4. The Unknown. The twenties and thirties made some very peculiar filmic gems, ‘Freaks’ being one example. Another is The Unknown from 1927 by the same writer/director Tod Browning. Joan Crawford (pre ‘wire hangers’) and horror regular Lon Chaney both work in a circus.

He’s the armless (?) knife thrower and she the beautiful assistant. He loves her, and she has a terrible phobia of men’s hands. Oh, and he’s also a robber and murderer with two thumbs, who really does have hands, and decides to have them removed permanently when one of his victims recognises him. Can he live dementedly ever after with Joan, or will things go horribly wrong?
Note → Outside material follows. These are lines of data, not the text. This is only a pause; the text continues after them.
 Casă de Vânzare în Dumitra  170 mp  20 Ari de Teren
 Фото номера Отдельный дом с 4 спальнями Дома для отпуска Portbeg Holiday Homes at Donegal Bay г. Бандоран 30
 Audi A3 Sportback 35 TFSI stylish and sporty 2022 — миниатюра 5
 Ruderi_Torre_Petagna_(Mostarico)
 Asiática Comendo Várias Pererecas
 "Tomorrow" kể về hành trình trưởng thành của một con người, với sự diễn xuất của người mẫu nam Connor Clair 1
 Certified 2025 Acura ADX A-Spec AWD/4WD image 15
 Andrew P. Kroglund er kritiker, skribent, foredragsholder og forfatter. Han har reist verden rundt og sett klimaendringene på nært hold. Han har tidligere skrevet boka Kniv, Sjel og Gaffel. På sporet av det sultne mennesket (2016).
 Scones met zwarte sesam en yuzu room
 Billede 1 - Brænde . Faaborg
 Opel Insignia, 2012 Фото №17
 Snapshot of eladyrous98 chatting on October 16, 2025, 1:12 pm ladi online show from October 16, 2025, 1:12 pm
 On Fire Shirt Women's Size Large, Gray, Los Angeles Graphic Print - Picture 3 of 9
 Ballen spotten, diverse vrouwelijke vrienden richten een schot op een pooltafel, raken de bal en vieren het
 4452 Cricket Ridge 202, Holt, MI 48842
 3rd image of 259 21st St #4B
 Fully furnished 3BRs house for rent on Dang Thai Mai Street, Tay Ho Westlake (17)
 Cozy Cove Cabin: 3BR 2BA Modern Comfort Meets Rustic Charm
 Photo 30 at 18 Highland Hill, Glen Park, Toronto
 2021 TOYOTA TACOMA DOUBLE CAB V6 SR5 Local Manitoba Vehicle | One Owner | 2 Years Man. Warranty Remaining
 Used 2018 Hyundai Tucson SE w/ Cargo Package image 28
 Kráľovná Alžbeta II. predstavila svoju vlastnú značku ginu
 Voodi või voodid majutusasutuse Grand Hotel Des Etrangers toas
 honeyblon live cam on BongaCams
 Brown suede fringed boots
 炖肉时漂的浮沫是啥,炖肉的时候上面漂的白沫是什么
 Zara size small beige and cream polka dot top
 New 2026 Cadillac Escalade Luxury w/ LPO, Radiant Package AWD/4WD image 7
5. Weird Night. There was a 90s-tastic series of BBC programmes in 94 during a special evening entitled ‘Weird Night.’ At 13 I’d not been exposed to too much of this sort of thing yet and I consumed it eagerly. The schedule ran as such:

1.Fortean Review of the Year
2.Strange Days-Coincidences
3. The last American Freak Show (different to the one mentioned in a previous post)
4.Strange Days-Visions
5.W.S.H
6.Strange Days-Beasts
7. Weird Thoughts

You can watch each of the programmes on this youtube channel (thanks skynet!). Below I’ve included all segments of the final show – Weird Thoughts – in which ‘experts’ debate their opinions on all things weird. Weird weird weird weird (my painkillers just kicked in). As expected, everyone laughs at silly old scientist with his knowledge and that.

6. Eerie Indiana. Another 90s offering which shaped my interests growing up. Watching it as a grown up is better though; not only do you have nostalgia but you notice the horror/sci fi references that appear throughout, thus satiating the geek beast within.

7. Sacred Weeds. The 90s seemed to develop an obsession with the ‘out there’ and odd. If it wasn’t Fortean it was mind bending plants.

This was a truly odd documentary series. One person who had never consumed a certain natural drug (proper drug, not homeopathy) and another who had taken them before joined a team of scientists in a big house to trip balls while being asked questions. I’m serious, it happened. Cue many peculiar scenes of suited men assisting in salvia bong hits and mushroom tea dosage. The plants tested (one per episode) were: Fly Agaric mushroom, Salvia, Henbane and Blue Lilly.

Thats enough for now you greedy little pickles, we shall meet again.